It may be a little early to write it off completely, but today’s Politico feature on the gun legislation being considered by the Senate leaves readers with the distinct impression that the effort is doomed. With so many Republicans, including a majority of those who voted for cloture that allowed the bill to be considered, lining up to oppose the bipartisan compromise on background checks proposed by Senators Joe Manchin and Pat Toomey, its chances of passage are not good. Moreover, even if it somehow squeaks by in the Senate, it now appears that there is no sign that the GOP majority in the House of Representatives is inclined to approve anything, even a bill as moderate as Manchin-Toomey, that falls under the rubric of gun control.
If so, it won’t be long before the postmortems on the push for gun legislation begin in full force and, as the Politico piece indicated, it will be the National Rifle Association and its allies that will be considered the main culprits. The NRA will be happy to take full credit from the mainstream media for Manchin-Toomey’s failure since it reinforces their image as an all-powerful lobby that can intimidate both conservative Republicans and moderate red-state Democrats to back off even the most reasonable proposals. But the reason for their success in rallying opposition to the bill since the Newtown massacre gave a new impetus to this cause may not stem entirely from the group’s ability to convince legislators that opposing their dictates is a ticket to political oblivion. Liberals may believe they can make political hay from what they will brand as Republican obstructionism in next year’s midterm elections. But they should realize that it is their decision to overreach in their calls for weapon bans that has given the NRA all the ammunition it needed to convince many conservatives that the goal of this campaign truly is to undermine the Second Amendment rights that the president claims to have designs on.

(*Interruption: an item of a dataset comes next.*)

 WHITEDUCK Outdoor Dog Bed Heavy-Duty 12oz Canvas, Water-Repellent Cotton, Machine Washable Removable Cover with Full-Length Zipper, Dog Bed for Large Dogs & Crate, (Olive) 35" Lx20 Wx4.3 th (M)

As I’ve noted before, the NRA’s dogged opposition to all gun legislation no matter how reasonable, including bills like Manchin-Toomey that in no way restrict gun rights, stems from a belief that any gun bill could serve as the thin edge of the wedge in a liberal campaign to ban guns and ultimately gut the Second Amendment. In this respect they operate in the same manner as NARAL and other pro-abortion groups that will similarly oppose even the most reasonable restrictions on that procedure, even those that smack of infanticide. But the only reason that either the NRA and NARAL are able to get away with this behavior is because they have a better grip on their opponents’ intentions than many in the media give them credit for.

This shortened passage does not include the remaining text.